The Implementation Gap
Academic studies of volatility targeting often show Sharpe ratio improvements of 0.15-0.25. In practice, after accounting for lag effects and transaction costs, the improvement is typically 0.05-0.10—still meaningful, but requiring careful implementation.
Key Implementation Challenges
Volatility Estimation Lag
Realized volatility is backward-looking by construction. When we estimate volatility from the past 20-60 days of returns, we're measuring where risk was, not where it is. This lag creates two problems:
- Late de-risking: By the time high volatility is detected, the worst of the drawdown may have occurred
- Premature re-risking: Volatility estimates decline before markets fully stabilize, potentially increasing exposure into continued turbulence
Transaction Costs
Frequent rebalancing to maintain precise volatility targets generates significant turnover. For a 10% volatility target on equities, annual turnover can exceed 300%, creating substantial transaction cost drag—especially for less liquid portfolios or during high-volatility periods when spreads widen.
Whipsaw Risk
Rapid volatility changes can trigger frequent position reversals. The March 2020 episode saw volatility spike from 15% to 80% and back within weeks, generating potentially costly round-trip trades for volatility-targeted strategies.

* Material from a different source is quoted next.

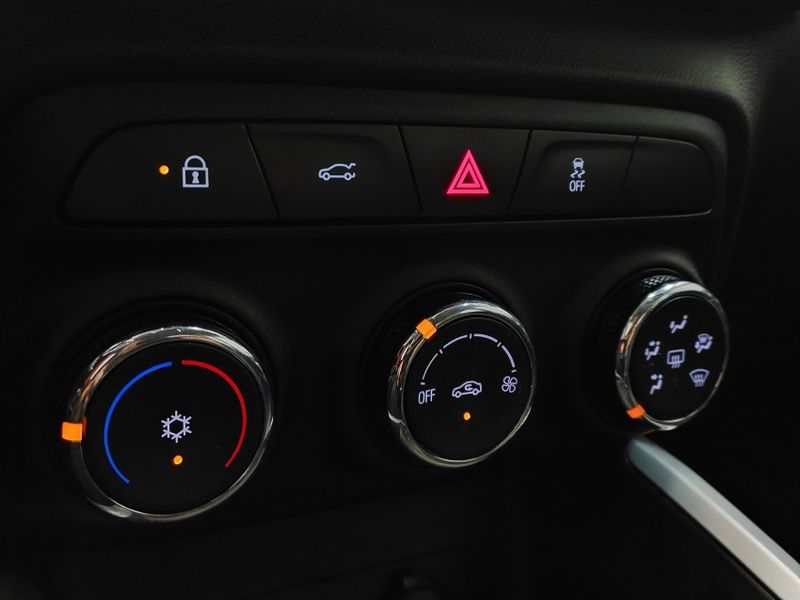 Chevrolet ONIX 1.0 TURBO FLEX PLUS LT AUTOMÁTICO 2020/2020 BETIOLO NOVOS E SEMINOVOS LAJEADO / Carros no Vale Chevrolet ONIX 1.0 TURBO FLEX PLUS LT AUTOMÁTICO 2020/2020 BETIOLO NOVOS E SEMINOVOS LAJEADO / Carros no Vale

Implementation Best Practices
Based on our research and experience, we recommend several approaches to improve volatility targeting outcomes:
- Use blended volatility estimates: Combine realized volatility with implied volatility (VIX) and GARCH forecasts for more responsive signals
- Apply smoothing: Exponentially weighted moving averages of volatility reduce whipsaw while maintaining responsiveness
- Trade buffers: Only rebalance when target deviations exceed thresholds (e.g., 2-3% of target)

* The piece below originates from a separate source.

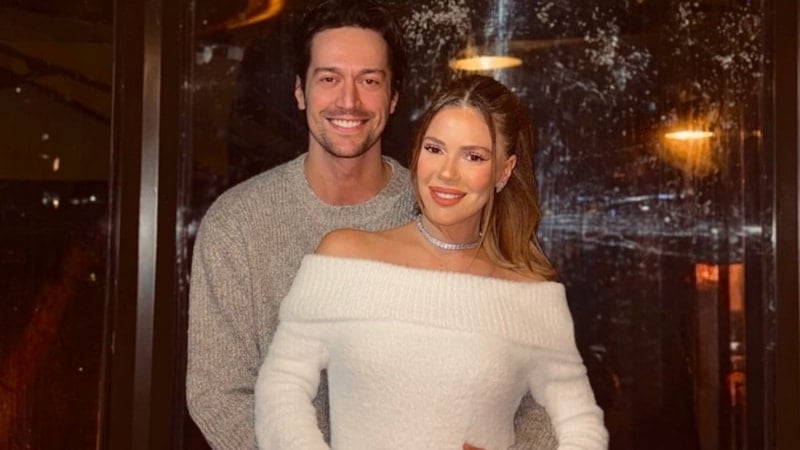Bebek bekliyorlar! Feyyaz Şerifoğlu ve Merve Dinçkol’dan aile pozu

- Cap turnover: Limit daily/weekly position changes to control transaction costs
- Use futures: Where available, futures provide lower-cost exposure adjustment than physical rebalancing
Conclusion
Volatility targeting remains a valuable risk management tool, but success requires attention to implementation details. The gap between theoretical and realized benefits stems primarily from estimation lag and transaction costs—both of which can be substantially mitigated through thoughtful design. Investors should expect modest but meaningful improvements in risk-adjusted returns when volatility targeting is properly implemented.